La cola del pollo, en el mercadito del sábado en La Urbina, a pesar de no ser tan larga avanza con lentitud, y para pasar el tiempo me distraigo observando la destreza de los "acomodadores", que en un santiamén convierten un ave entera en dos muslos y dos pechugas completamente deshuesadas y transformadas en milanesas.
Dentro de la precariedad que presupone trabajar a la intemperie, en plena calle, son bastante organizados y limpios. Los restos que quedan del destace de los pollos los van echando en una cesta que tienen al lado, y cada tanto hacen un alto para lavarse las manos con el agua almacenada en un gran tobo.

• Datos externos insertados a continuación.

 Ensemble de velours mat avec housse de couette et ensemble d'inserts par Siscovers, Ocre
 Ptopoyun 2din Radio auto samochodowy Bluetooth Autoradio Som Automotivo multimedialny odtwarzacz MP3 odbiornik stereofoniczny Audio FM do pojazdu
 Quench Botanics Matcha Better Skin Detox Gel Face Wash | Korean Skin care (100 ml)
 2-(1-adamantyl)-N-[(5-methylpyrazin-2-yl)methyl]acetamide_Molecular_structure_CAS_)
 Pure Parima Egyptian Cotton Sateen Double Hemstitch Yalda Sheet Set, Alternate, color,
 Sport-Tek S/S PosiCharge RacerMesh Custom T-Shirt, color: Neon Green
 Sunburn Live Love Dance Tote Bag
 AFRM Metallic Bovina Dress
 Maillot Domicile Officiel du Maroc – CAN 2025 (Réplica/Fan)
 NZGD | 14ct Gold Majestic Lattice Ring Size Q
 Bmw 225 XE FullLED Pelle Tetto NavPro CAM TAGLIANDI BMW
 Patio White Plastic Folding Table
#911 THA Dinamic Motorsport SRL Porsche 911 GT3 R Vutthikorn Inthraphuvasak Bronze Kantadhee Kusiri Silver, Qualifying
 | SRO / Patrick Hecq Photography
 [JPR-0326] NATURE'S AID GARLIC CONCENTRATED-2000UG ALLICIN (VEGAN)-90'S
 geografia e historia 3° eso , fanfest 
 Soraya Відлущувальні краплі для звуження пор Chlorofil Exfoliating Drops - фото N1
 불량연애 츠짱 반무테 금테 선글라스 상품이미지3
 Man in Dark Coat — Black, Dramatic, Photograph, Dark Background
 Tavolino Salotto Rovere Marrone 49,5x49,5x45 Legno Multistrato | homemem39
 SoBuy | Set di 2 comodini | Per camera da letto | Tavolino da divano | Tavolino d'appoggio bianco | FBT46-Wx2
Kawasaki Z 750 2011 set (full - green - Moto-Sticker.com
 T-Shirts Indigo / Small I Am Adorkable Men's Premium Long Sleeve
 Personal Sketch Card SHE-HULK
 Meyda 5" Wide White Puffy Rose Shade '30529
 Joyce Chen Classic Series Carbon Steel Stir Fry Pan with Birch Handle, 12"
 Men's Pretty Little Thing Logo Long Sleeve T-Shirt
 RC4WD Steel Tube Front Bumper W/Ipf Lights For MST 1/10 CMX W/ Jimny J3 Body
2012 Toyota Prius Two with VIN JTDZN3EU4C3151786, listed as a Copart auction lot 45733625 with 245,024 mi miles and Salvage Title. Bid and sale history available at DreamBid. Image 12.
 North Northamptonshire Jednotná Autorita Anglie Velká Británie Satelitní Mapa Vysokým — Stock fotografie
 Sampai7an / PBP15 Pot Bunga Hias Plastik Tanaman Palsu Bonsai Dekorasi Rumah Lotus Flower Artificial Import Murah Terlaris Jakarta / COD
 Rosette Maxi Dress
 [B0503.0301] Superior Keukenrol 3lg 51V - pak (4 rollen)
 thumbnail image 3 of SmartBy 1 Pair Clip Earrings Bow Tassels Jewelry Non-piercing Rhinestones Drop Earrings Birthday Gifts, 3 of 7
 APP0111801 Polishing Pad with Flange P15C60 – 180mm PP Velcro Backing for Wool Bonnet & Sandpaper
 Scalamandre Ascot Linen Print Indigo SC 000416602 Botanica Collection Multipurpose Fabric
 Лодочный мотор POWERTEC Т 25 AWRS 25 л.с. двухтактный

Mientras tanto la señora Ana, ama y dueña del puesto, se multiplica: cobra, se faja a picar, saca más mercancía del interior del camión cava, sin descansar un minuto. Es una maquinita de trabajar, y sabe ejercer el mando con suavidad y firmeza a la vez. Sus empleados bromean con ella, pero con respeto.
Echo una ojeada alrededor, y me llama la atención una pareja conformada por una señora de cierta edad y un niño, presumiblemente su nieto, de unos 6 o 7 años. Ambos muy flacos, vestidos con ropa que demuestra su antigüedad pero, eso sí, pulcrísima y bien planchada.Su precariedad es evidente, aunque de cierto modo digna. Están en actitud expectante, pero paciente. En un momento determinado, la señora Ana los ve, y acto seguido se dirige a la cesta donde los "acomodadores" van dejando las vísceras, pescuezos, carapachos y alas que van sobrando de los pollos, y llena dos bolsitas con esos despojos para entregárselas a la señora y al muchacho, quienes las reciben sonrientes y después de un "gracias" casi dibujado en la cara, se van alejando.